Aizen plissa légèrement les yeux. En utilisant tous les pouvoirs du Hogyôku … il avait affronté cet homme. Son esprit se perdait, littéralement. Pour la première fois depuis longtemps, il ne savait même plus comment formuler des pensées réellement cohérentes.

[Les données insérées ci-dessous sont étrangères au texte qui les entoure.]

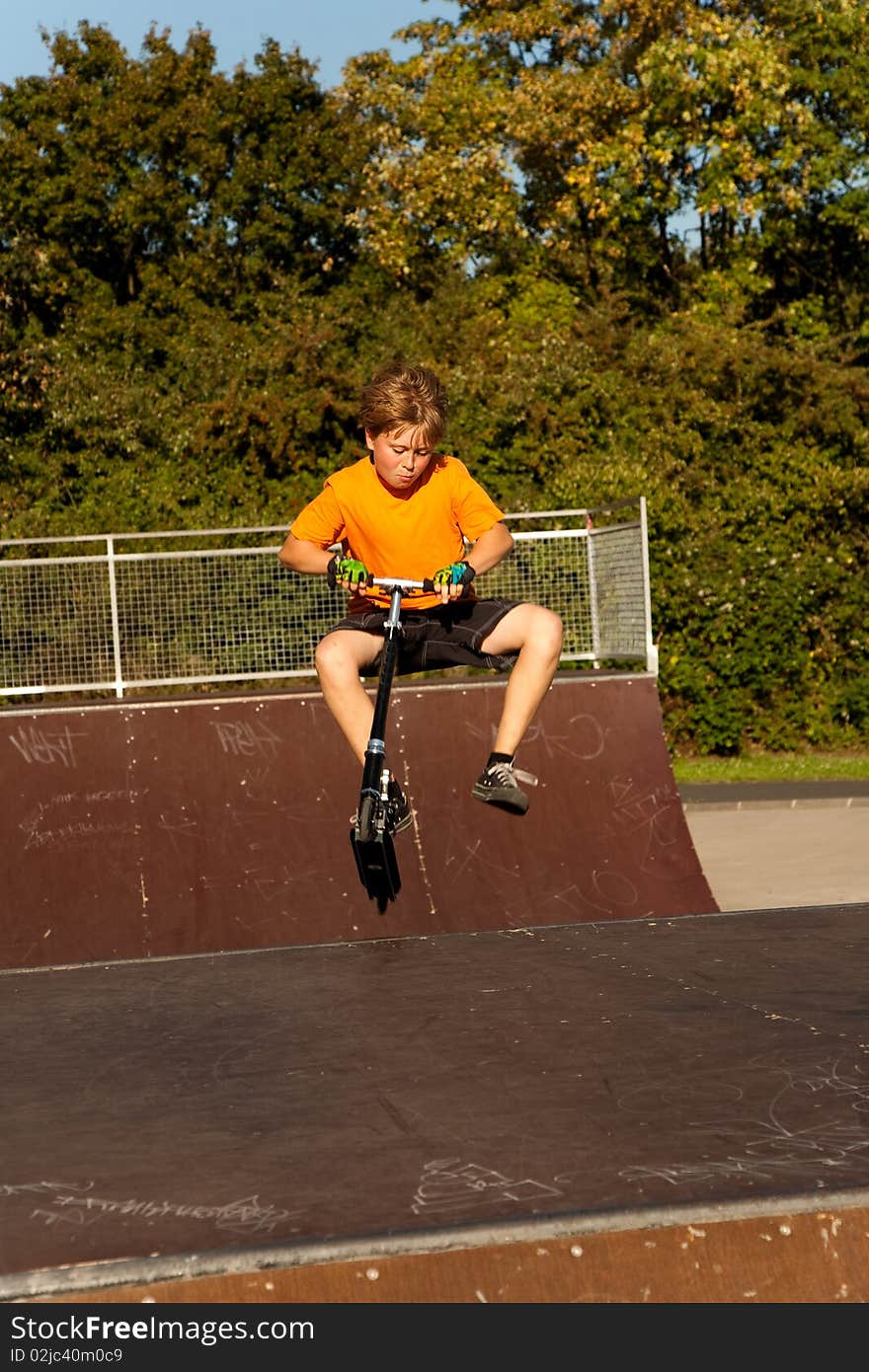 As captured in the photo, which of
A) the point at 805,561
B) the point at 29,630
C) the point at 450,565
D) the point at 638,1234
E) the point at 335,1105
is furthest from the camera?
the point at 805,561

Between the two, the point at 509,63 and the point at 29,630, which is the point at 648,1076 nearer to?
the point at 29,630

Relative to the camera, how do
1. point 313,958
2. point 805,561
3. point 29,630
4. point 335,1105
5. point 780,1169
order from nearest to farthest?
1. point 780,1169
2. point 335,1105
3. point 313,958
4. point 29,630
5. point 805,561

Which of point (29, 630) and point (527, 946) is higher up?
point (29, 630)

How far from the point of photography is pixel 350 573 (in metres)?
4.97

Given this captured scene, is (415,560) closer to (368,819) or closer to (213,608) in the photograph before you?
(368,819)

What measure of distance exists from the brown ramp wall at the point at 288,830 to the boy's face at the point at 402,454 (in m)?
3.26

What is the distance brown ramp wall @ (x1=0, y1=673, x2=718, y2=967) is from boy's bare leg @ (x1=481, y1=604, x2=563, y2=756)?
2979 millimetres

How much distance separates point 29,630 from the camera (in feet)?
36.2

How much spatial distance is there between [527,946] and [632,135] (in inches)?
865

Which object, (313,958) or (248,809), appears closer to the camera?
(313,958)

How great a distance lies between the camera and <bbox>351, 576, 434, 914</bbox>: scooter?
4.80 m

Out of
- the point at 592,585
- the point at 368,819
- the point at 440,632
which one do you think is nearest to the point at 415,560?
the point at 440,632

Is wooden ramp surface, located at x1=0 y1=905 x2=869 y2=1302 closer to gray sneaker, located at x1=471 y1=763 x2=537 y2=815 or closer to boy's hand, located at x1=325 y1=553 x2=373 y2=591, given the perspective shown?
gray sneaker, located at x1=471 y1=763 x2=537 y2=815

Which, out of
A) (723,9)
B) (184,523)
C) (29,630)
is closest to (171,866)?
(29,630)
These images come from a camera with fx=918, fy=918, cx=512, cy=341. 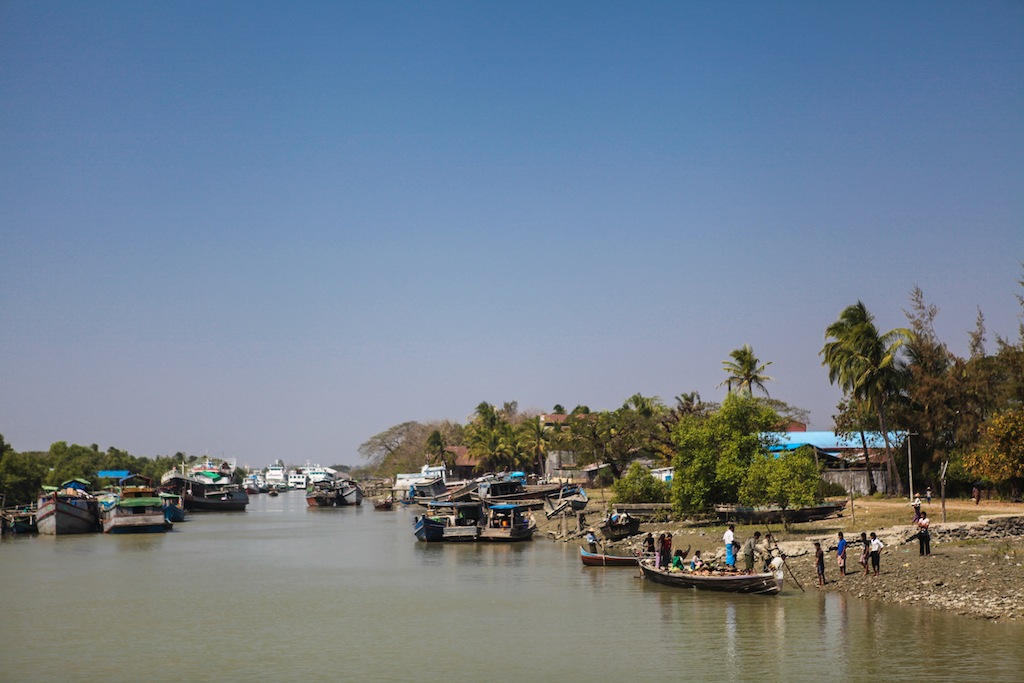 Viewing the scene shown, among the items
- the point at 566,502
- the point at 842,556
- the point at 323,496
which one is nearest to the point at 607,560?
the point at 842,556

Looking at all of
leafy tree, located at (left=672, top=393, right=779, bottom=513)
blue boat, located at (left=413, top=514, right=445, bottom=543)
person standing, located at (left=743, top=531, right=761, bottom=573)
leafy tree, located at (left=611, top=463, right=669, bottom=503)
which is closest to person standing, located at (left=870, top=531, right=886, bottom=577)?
person standing, located at (left=743, top=531, right=761, bottom=573)

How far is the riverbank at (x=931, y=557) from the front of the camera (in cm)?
3109

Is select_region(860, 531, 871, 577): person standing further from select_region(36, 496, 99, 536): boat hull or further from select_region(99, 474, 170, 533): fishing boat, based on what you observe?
select_region(36, 496, 99, 536): boat hull

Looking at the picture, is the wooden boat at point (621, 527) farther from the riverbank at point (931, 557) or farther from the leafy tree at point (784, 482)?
the leafy tree at point (784, 482)

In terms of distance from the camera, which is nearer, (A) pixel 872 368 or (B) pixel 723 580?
(B) pixel 723 580

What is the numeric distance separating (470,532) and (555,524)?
10.2 m

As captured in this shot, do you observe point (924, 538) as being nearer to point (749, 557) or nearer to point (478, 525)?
point (749, 557)

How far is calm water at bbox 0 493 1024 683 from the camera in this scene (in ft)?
89.5

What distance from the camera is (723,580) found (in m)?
36.9

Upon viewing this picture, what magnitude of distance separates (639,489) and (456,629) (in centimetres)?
3635

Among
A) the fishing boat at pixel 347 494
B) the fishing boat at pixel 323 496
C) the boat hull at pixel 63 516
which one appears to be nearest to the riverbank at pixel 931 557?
the boat hull at pixel 63 516

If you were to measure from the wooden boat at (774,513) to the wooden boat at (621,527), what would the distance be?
7213mm

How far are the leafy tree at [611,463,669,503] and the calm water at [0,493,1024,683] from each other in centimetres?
1461

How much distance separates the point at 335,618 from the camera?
1492 inches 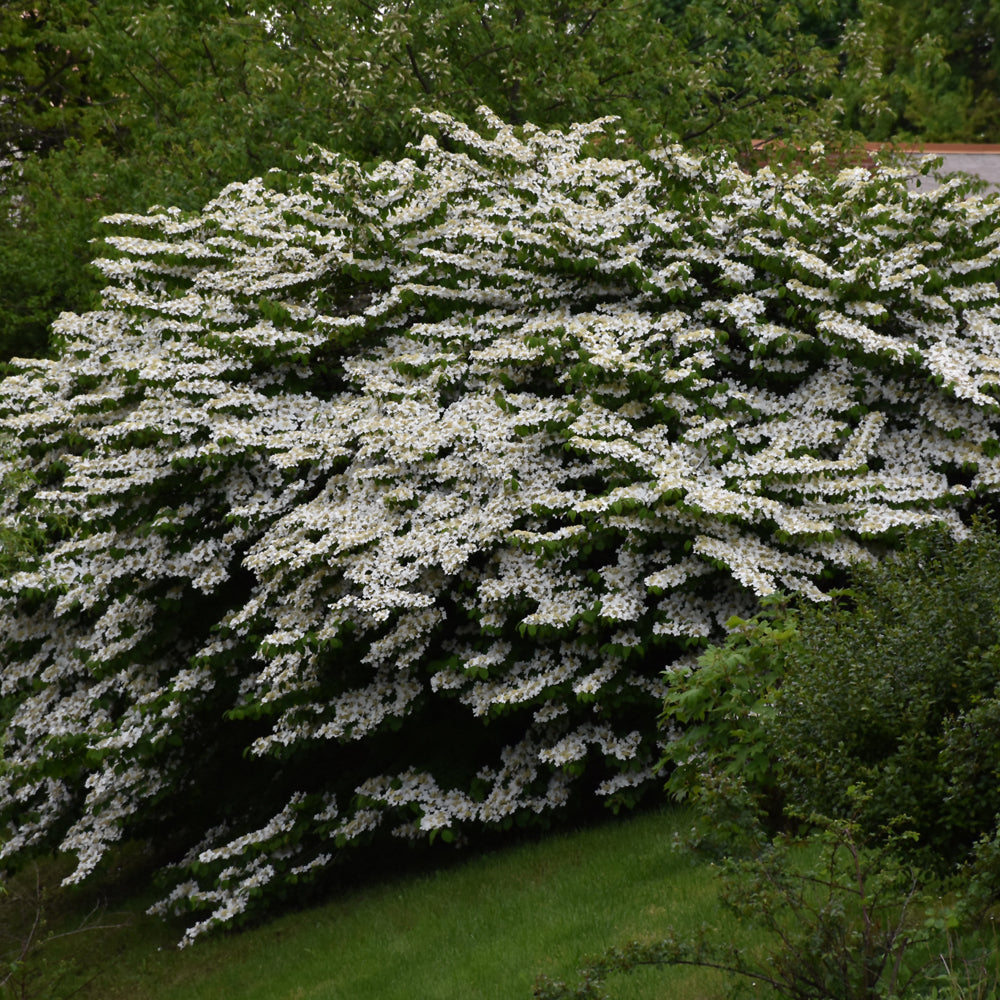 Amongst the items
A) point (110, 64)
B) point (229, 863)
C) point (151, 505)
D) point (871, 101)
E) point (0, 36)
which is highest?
point (0, 36)

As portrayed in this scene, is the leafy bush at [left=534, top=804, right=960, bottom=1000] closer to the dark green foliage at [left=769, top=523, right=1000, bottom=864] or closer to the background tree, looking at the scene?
the dark green foliage at [left=769, top=523, right=1000, bottom=864]

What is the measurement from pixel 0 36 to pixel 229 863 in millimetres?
18171

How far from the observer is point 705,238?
8391mm

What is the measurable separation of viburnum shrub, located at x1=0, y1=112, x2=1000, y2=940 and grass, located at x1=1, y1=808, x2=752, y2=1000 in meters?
0.31

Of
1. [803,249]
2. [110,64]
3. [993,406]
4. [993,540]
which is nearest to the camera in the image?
[993,540]

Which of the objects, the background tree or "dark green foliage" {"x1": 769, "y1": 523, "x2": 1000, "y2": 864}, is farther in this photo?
the background tree

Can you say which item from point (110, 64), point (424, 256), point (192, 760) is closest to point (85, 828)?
point (192, 760)

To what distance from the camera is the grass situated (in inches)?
223

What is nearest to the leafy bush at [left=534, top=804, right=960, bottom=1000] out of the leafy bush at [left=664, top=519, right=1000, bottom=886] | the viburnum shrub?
the leafy bush at [left=664, top=519, right=1000, bottom=886]

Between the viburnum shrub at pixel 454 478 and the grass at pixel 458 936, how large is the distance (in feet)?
1.03

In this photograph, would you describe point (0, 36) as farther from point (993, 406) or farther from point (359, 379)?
point (993, 406)

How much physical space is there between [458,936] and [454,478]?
2.83 meters

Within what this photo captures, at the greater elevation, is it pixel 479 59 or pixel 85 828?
pixel 479 59

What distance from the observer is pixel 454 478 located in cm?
792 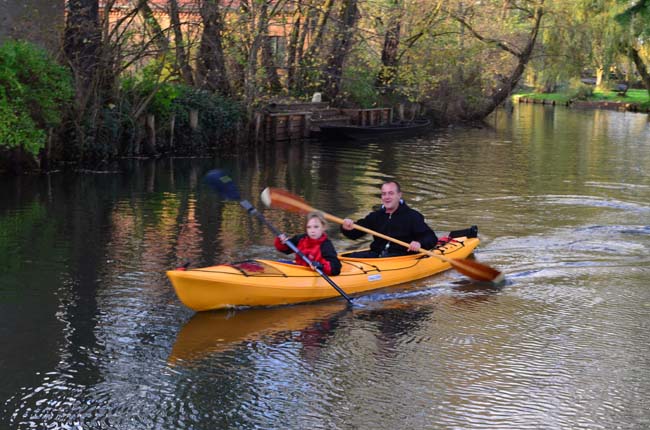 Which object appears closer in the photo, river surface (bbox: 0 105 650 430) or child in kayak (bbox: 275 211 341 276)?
river surface (bbox: 0 105 650 430)

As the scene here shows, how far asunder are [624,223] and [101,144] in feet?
37.9

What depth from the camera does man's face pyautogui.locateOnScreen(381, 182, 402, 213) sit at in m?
11.4

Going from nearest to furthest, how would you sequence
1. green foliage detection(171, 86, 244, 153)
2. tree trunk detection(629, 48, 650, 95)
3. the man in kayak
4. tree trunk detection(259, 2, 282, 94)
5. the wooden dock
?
the man in kayak
green foliage detection(171, 86, 244, 153)
tree trunk detection(259, 2, 282, 94)
the wooden dock
tree trunk detection(629, 48, 650, 95)

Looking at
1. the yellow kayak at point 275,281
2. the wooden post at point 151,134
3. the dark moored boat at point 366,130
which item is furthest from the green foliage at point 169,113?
the yellow kayak at point 275,281

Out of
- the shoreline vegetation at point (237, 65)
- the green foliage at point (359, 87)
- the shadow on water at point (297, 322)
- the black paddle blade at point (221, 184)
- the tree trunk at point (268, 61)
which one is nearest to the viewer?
the shadow on water at point (297, 322)

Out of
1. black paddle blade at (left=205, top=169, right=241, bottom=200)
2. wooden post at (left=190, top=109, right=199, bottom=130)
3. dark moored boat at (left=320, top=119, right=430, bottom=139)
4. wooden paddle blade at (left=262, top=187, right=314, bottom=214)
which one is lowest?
wooden paddle blade at (left=262, top=187, right=314, bottom=214)

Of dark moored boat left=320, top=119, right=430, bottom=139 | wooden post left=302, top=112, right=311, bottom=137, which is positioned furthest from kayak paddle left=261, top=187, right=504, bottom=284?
dark moored boat left=320, top=119, right=430, bottom=139

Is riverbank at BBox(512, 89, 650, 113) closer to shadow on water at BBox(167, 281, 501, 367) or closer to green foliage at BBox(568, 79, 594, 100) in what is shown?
green foliage at BBox(568, 79, 594, 100)

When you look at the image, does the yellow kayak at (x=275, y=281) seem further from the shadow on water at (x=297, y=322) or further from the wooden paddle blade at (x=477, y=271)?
the wooden paddle blade at (x=477, y=271)

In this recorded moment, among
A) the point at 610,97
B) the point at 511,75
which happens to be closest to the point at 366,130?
the point at 511,75

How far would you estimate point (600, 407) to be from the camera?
7457mm

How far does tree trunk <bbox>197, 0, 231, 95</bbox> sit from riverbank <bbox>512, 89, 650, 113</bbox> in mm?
35023

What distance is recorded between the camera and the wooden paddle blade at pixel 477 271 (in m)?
11.2

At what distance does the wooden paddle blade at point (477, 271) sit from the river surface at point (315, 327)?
0.69ft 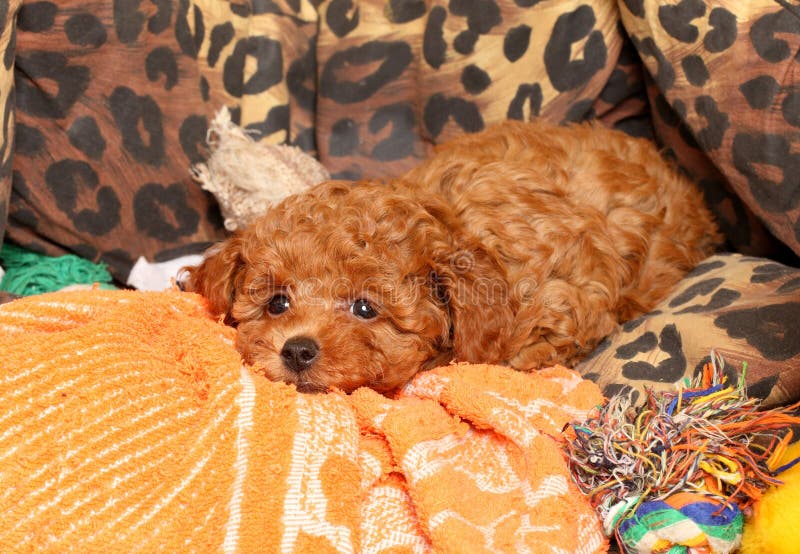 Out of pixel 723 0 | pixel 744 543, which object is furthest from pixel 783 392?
pixel 723 0

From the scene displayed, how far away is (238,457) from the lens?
2.04 m

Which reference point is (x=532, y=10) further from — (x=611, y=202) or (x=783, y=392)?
(x=783, y=392)

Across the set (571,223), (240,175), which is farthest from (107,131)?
(571,223)

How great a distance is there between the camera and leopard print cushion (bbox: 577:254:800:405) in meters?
2.36

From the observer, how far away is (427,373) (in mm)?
2555

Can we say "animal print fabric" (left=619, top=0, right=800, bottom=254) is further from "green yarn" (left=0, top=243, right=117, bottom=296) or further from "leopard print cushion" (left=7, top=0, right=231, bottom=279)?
"green yarn" (left=0, top=243, right=117, bottom=296)

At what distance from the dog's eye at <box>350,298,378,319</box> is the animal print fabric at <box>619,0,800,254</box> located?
162 cm

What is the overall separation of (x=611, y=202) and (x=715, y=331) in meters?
0.75

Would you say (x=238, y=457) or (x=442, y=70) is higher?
(x=442, y=70)

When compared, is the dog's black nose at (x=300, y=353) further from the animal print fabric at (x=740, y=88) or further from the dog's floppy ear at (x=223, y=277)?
the animal print fabric at (x=740, y=88)

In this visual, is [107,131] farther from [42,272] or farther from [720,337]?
[720,337]

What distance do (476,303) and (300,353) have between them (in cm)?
62

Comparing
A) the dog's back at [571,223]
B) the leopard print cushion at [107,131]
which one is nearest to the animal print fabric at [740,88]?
the dog's back at [571,223]

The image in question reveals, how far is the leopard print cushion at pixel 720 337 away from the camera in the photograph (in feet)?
7.75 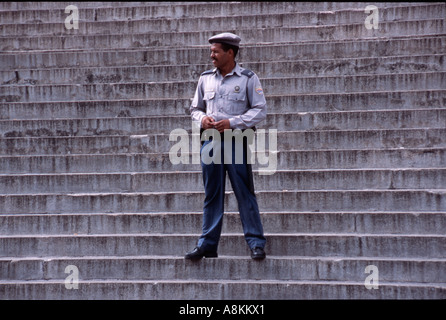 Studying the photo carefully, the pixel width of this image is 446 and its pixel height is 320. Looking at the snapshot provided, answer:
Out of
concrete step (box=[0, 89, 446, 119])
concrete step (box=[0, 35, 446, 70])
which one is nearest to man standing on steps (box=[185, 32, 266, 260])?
concrete step (box=[0, 89, 446, 119])

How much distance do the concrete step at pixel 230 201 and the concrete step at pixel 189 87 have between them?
1.80 m

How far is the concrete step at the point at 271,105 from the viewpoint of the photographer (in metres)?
6.42

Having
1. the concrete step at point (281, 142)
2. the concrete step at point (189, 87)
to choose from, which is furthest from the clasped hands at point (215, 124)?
the concrete step at point (189, 87)

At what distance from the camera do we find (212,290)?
4586mm

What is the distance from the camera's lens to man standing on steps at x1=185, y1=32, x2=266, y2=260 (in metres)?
4.64

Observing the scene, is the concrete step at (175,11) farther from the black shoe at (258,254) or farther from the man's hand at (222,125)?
the black shoe at (258,254)

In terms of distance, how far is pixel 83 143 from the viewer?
20.9ft

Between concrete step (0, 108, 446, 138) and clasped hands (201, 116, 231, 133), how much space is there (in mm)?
1685

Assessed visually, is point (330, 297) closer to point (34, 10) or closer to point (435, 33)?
point (435, 33)

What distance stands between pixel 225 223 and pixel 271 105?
1.89 meters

Son corps lui-même ne répondait plus à ses ordres. Oui. Une défaite totale. Que ce soit son esprit plongé dans les abysses les plus obscures, ou son corps devenu inutilisable, Aizen Sôsuke ne savait plus quel chemin suivre.

« — Je … vois. Désires-tu … t'emparer du Hogyôku … Kurosaki Ichigo … ?

— Jamais, souffla le rouquin. S'il … me reconnaît comme maître, je préfère encore le rejeter. Il m'empêcherait de voir ceux … qui me protègent. Et sans maître … cette chose devrait enfin disparaître. Quant à toi … tu … devrais plutôt ouvrir les yeux.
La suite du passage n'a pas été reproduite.